▶ **Source information**
————————

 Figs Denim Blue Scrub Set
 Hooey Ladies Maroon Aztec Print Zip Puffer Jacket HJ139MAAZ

————————

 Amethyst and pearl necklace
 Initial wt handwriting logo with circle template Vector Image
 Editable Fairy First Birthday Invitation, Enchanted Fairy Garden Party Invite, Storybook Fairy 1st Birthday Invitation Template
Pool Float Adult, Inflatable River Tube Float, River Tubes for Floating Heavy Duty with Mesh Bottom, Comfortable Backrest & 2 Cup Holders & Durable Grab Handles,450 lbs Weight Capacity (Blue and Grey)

————————

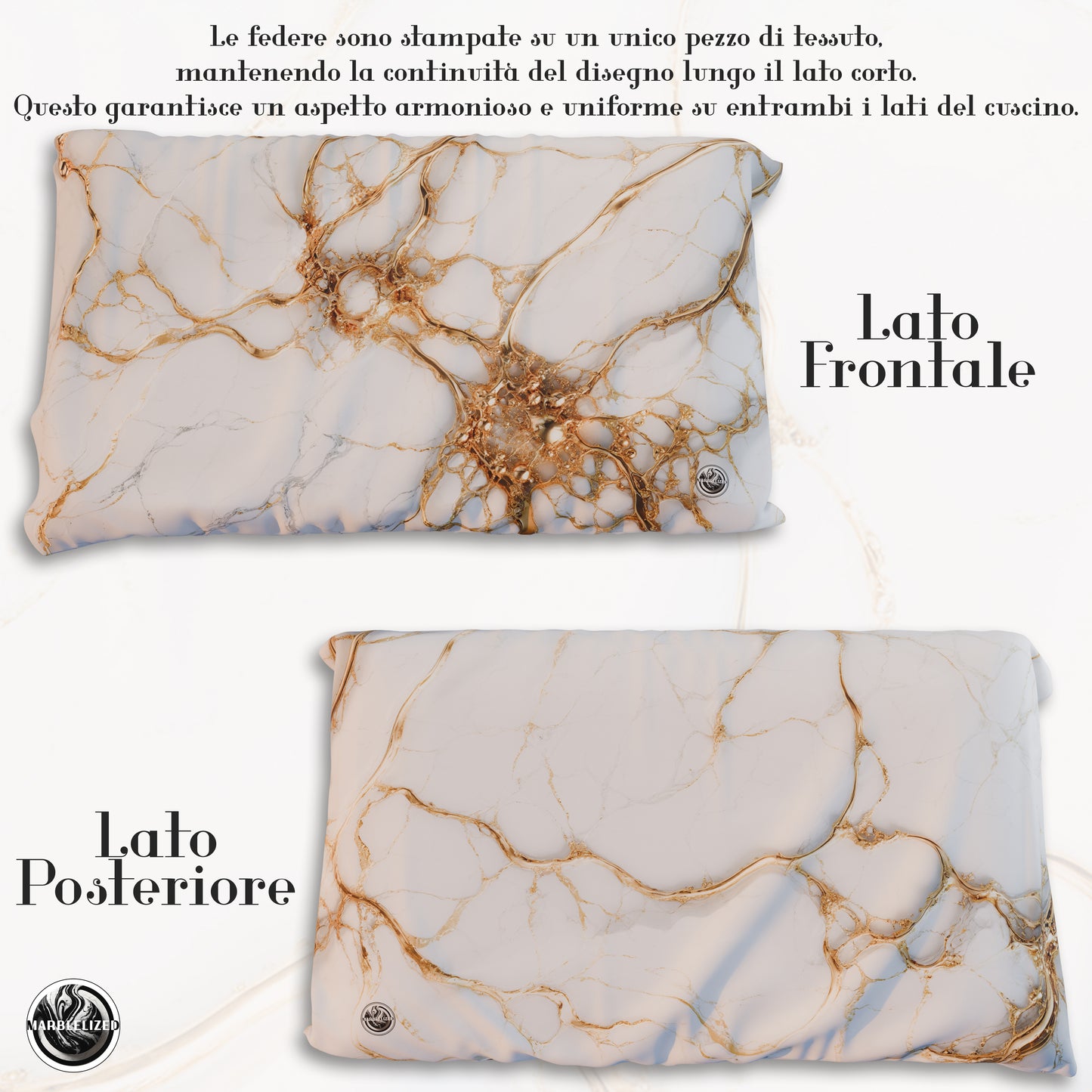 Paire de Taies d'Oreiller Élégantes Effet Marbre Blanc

————————

▶ **What the task asks**
Extract, from the listing above, every line where the string "with" occurs.

▶ **Task output**
 Initial wt handwriting logo with circle template Vector Image
Pool Float Adult, Inflatable River Tube Float, River Tubes for Floating Heavy Duty with Mesh Bottom, Comfortable Backrest & 2 Cup Holders & Durable Grab Handles,450 lbs Weight Capacity (Blue and Grey)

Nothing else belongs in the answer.